Оказывается, верный ответ был такой: «Надо связать человека и положить в муравейник в пустыне, понял? Положить лицом кверху и весь пах вымазать медом, а веки срезать, чтобы смотрел прямо на солнце, пока не сдохнет».
Такие дела.
Теперь, лежа в канаве с двумя разведчиками и с Билли, Роланд Вири заставил Билли как следует разглядеть свой охотничий нож. Нож был не казенный. Роланду подарил нож его отец. У ножа было трехгранное лезвие длиной в десять дюймов.

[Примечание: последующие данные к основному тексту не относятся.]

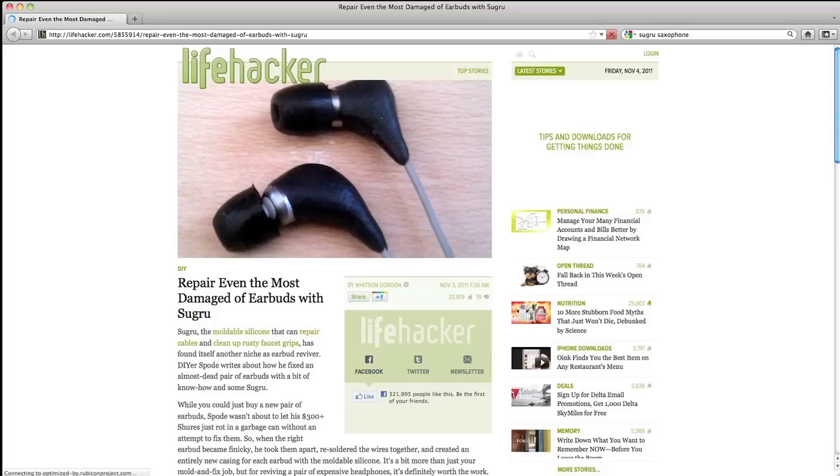Since we launched, an amazing community of Sugru users has formed and we're sharing our uses, from everyday problem solving to more extreme stuff like a guy who customised his ski grips to trek to the North Pole. Now, Sugru is a high-performance material, so it's very cool to see people testing it to its limits.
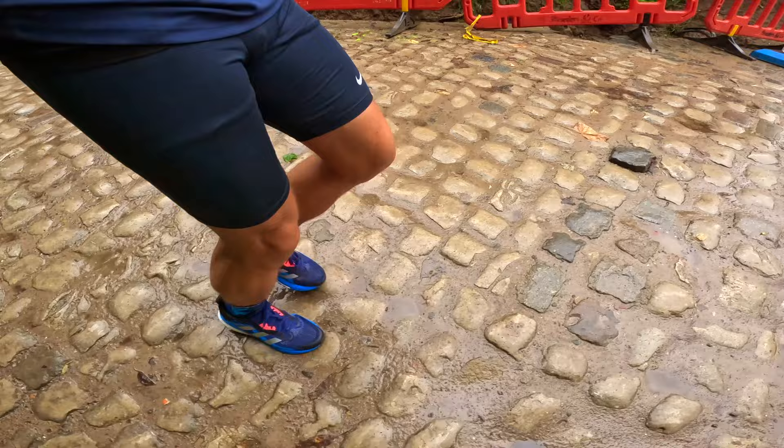The shoe is a neutral daily stability trainer, best used for those easy paces especially due to the higher weight. Some people use them for their longer runs but I do not recommend this. It can be used on different kinds of terrain, like simply on the road or even unpaved terrains, but more on that later in the video. As mentioned, I have the ST version — ST stands for stability.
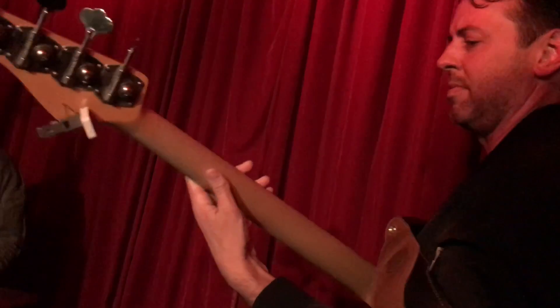We were also joined by Sean Hurley on bass, who also played in Mayer's band, and JJ Johnson, who I also met playing in Mayer's band.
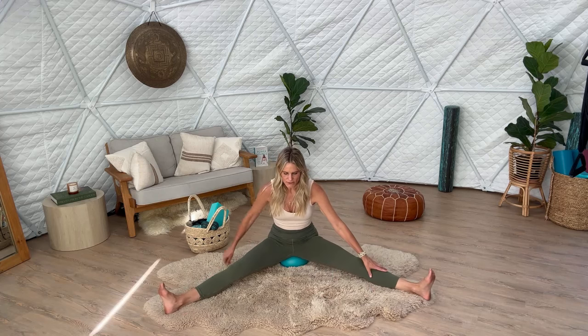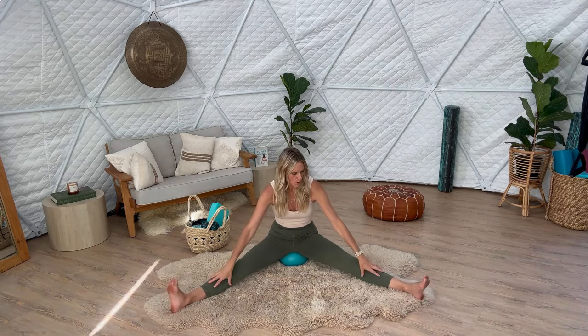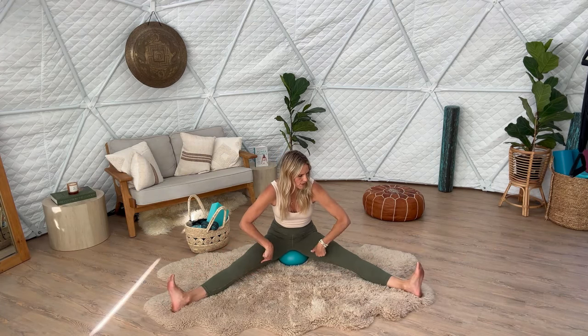You're going to sit on the ball and just let your sits bones melt over the ball, allowing the pelvic floor to open and melt over the ball. Then you're going to point and flex your feet, and this is going to help you feel how connected the feet — especially that medial line through the inner arch, up through the inner shin, and up through the inner thighs — are all connected.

Ручка у него была в виде медного кастета из ряда колец, в которые Вири просовывал свои жирные пальцы. И кольца были не простые. На них топорщились шипы.
Вири прикладывал шипы к лицу Билли и с осторожной свирепостью поглаживал его щеку:
– Хочешь – ударю, хочешь? М‑ммм? Мммм‑мммм?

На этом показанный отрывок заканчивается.